Recorded information:
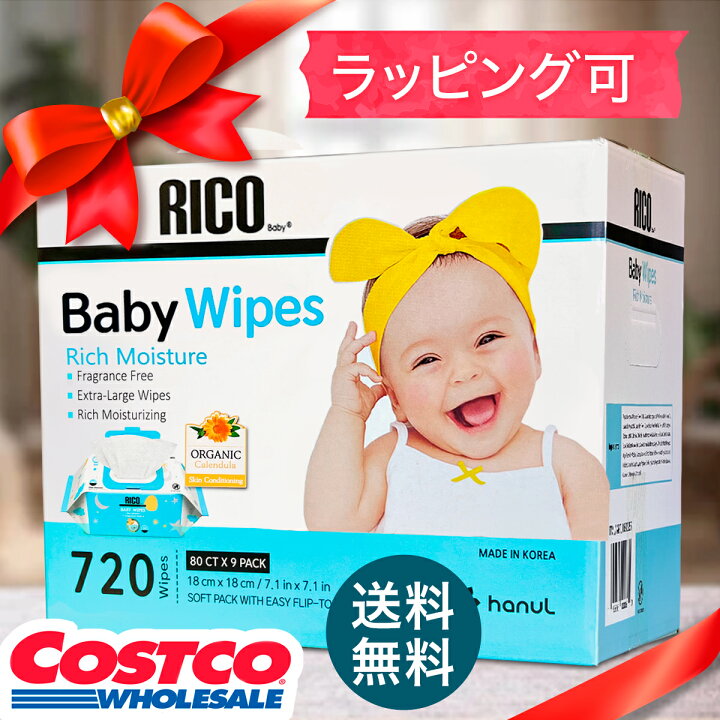 コストコ グチャグチャ お尻拭き RICO Baby Wipes 720枚
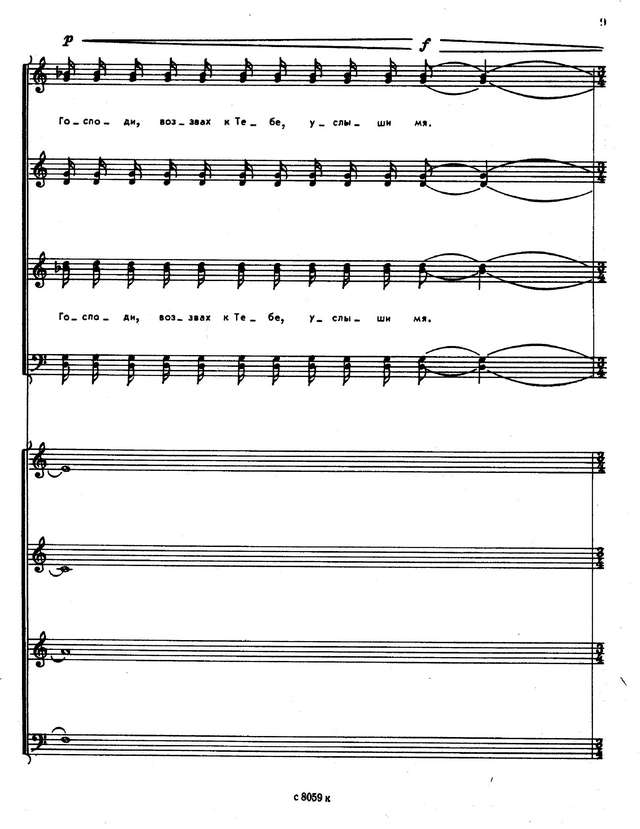 Рыбников А. Л. Юнона и Авось_Страница_005.jpg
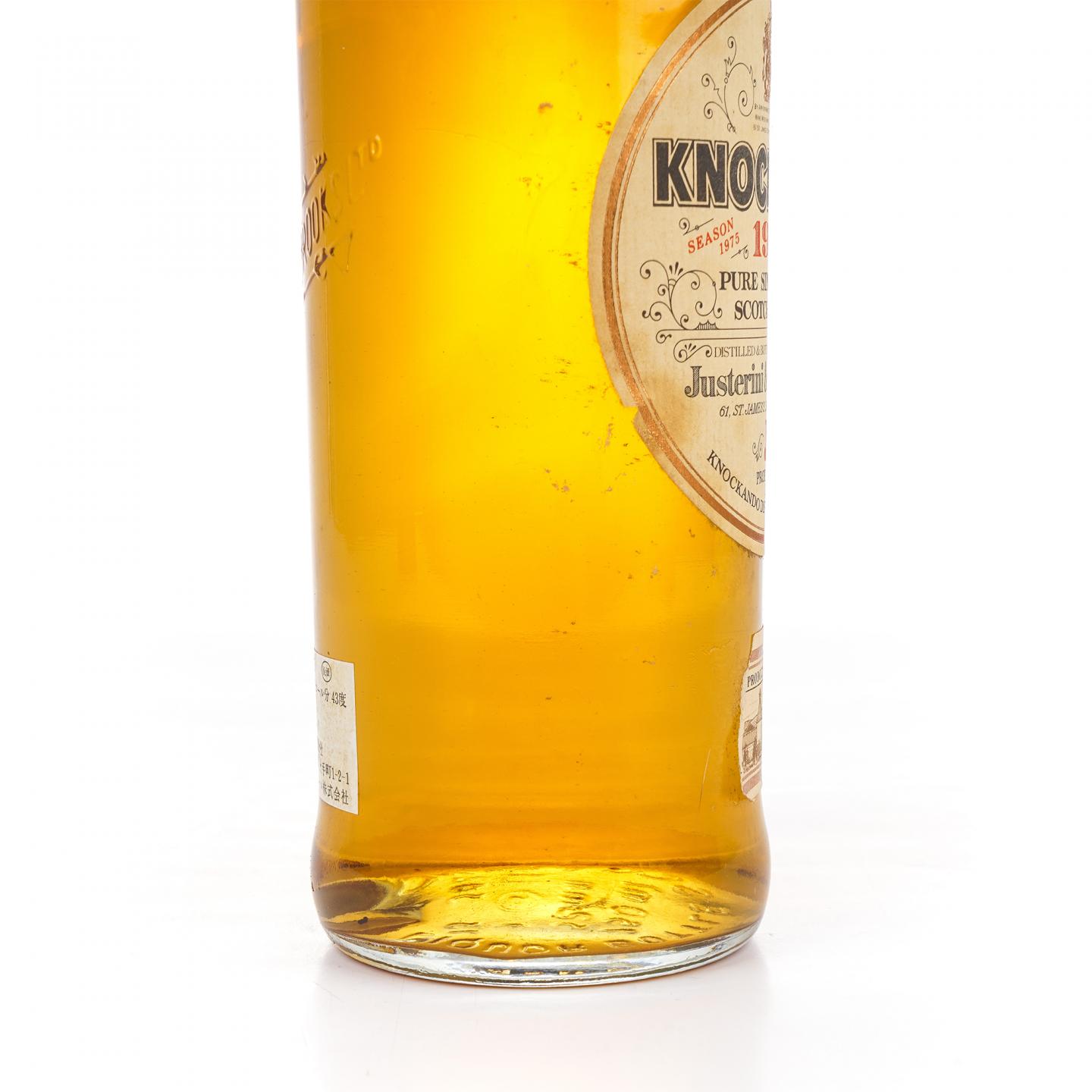 洛坎多 1975-1988 皇室徽标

What is required:
The data is to be returned exactly as it stands, pictures aside.

Output of the task:
 コストコ グチャグチャ お尻拭き RICO Baby Wipes 720枚
 Рыбников А. Л. Юнона и Авось_Страница_005.jpg
 洛坎多 1975-1988 皇室徽标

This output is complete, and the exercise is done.